Getting Ahead (Scarf) in the World of Business

Senior turns a hobby into an entrepreneurship

Kaitlyn Willard, Features Editor

Photo courtesy of Sebrina Houser

As a young girl, senior Sebrina Houser loved all things arts and crafts. She would draw, paint and even sew. Little did she know, her passion to create would lead her to running her own side business.

Over winter break, Houser used her spare time to make her own hair accessories. She started an Instagram account and spread the word about her creations. She began selling them to people and making a profit.

“I make headbands and headwraps and then I make hair scarves that you can tie around ponytails,” Houser said. “I love the headbands and I would buy some of my own but they were super expensive so I wanted to make them for less.”

Houser not only involves herself with crafts, but music as well. From music to art, Houser has always had an creative bone in her body since she was a child.

“It’s a super big stress reliever for me actually, to just sit down and make stuff,” Houser said. “I think that will be helpful for me to relieve stress throughout my life and then get a cool product out of it. I found any creative outlet I can and had gone for it.”

Although she had always fancied herself with arts and crafts, Houser was first influenced by her grandma who would sew as well. This is where her sewing journey began.

“I started sewing when I was 12 probably,” Houser said. “I saw my grandma do it and I wanted to be able to make me own clothes. I’m a big saver too, and I didn’t want to have to spend as much as I was for what I was getting.”

After putting her sewing hobby to a halt, she regained inspiration to start it up again after taking a sewing class with sewing teacher, Susan Waldron.

“The excitement of doing a class she wouldn’t normally do is good for her,” Waldron said. “It’s problem solving, comprehension of reading, engineering of fabric, measuring accurately and being precise with cutting. I feel that it is a challenge and upperclassmen like to be at a higher level of thinking.”

Mia, Houser’s sister, also helps her with her side business, along with her dad helping occasionally. The strenuous process of making head scarves takes round 20 to 30 minutes each. Sebrina and Mia switch off roles during the procedure. While Sebrina will sew, Mia will iron and vise versa. Although starting at $5, due to how time-consuming is was to make the headbands, Houser raised the price to $10.

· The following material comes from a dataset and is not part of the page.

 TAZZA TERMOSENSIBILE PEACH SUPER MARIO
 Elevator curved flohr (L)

Through purchasing and helping, Houser’s friends and family have supported her with this side business. Senior Aislyn Tyler is one who had bought from Houser.

“They’re super cute and can be put perfectly with any outfit,” Tyler said. “Sebrina also means the world to me so every chance I have to support her it’s important for me that I do.”

When Houser finds time in her busy schedule full of Show Choir and other extracurriculars, she continues to create more items for her side business. Although she started with head scarves, she has expanded her items to lanyards, skirts and bags. She continues to learn along the way.

“I think as I learn more, I want to make more things,” Houser said. “It’s a super fun thing and I would encourage people if they have a random hobby they enjoy to go for it.”

Although Houser does not plan to go into business after high school, she wants to continue to make and sell different pieces. Rather than feeling obligated to continue her craft, it is something she enjoys doing in her free time. If there is a sewing machine available to her, she will take advantage if it and use her hobby to her advantage.